Assigned task :: Transcribe exactly the lines below that begin at the line with "Snuzpod Pocket Dusk Grey" and stop after the line with "Poof! 100% Acrylic", leaving out every picture.

++++ Exercise input ++++

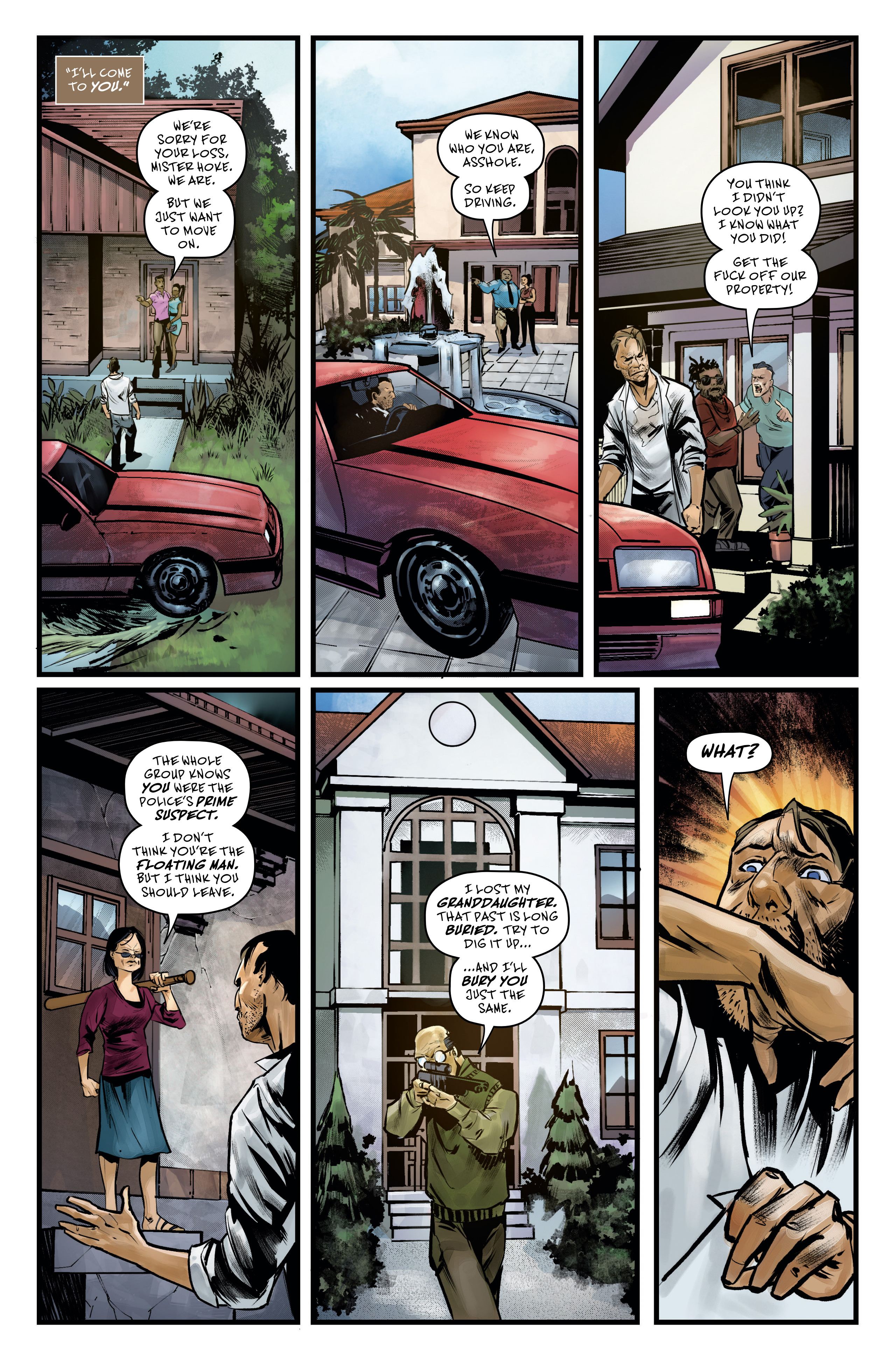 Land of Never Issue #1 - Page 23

++++
++++ Exercise input ++++

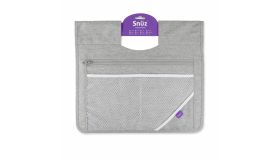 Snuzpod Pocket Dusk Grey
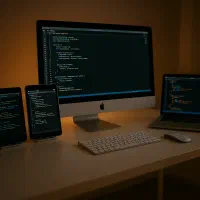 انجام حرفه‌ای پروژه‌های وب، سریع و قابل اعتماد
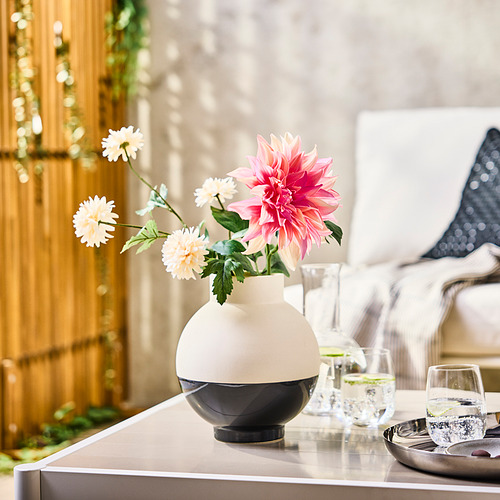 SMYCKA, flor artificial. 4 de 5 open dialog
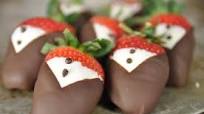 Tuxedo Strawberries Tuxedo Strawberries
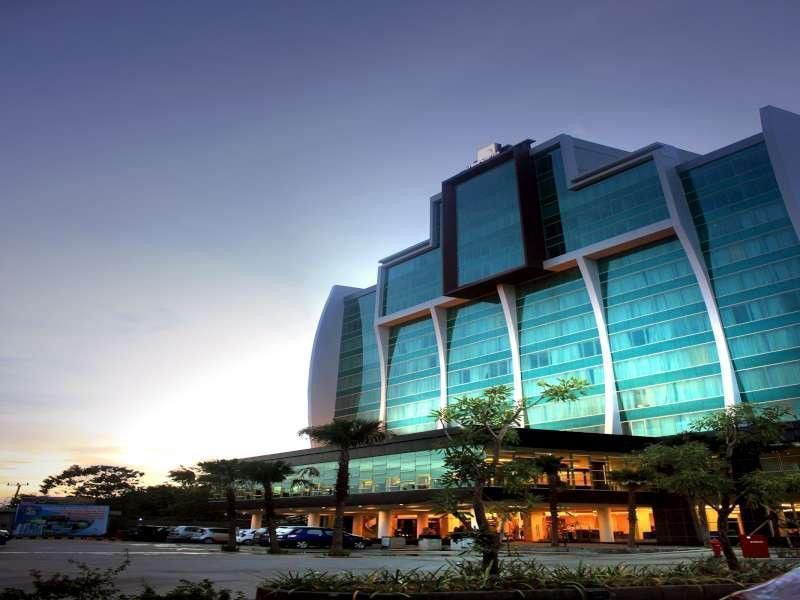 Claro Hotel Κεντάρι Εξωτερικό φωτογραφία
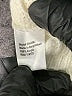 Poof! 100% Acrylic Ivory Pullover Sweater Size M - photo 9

++++
++++ Exercise input ++++

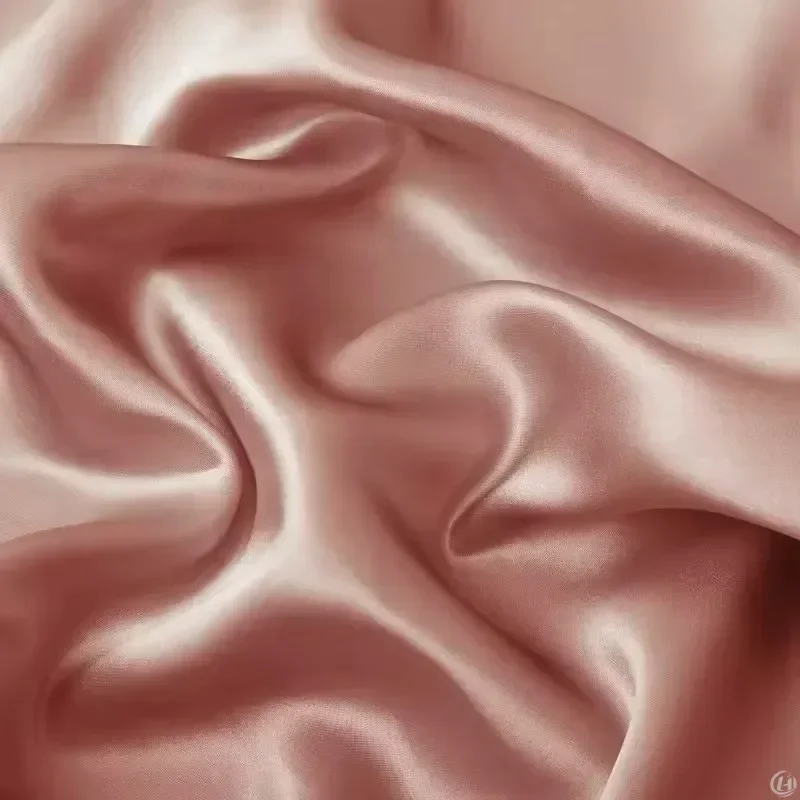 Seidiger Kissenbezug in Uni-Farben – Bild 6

++++

Solution ::
 Snuzpod Pocket Dusk Grey
 انجام حرفه‌ای پروژه‌های وب، سریع و قابل اعتماد
 SMYCKA, flor artificial. 4 de 5 open dialog
 Tuxedo Strawberries Tuxedo Strawberries
 Claro Hotel Κεντάρι Εξωτερικό φωτογραφία
 Poof! 100% Acrylic Ivory Pullover Sweater Size M - photo 9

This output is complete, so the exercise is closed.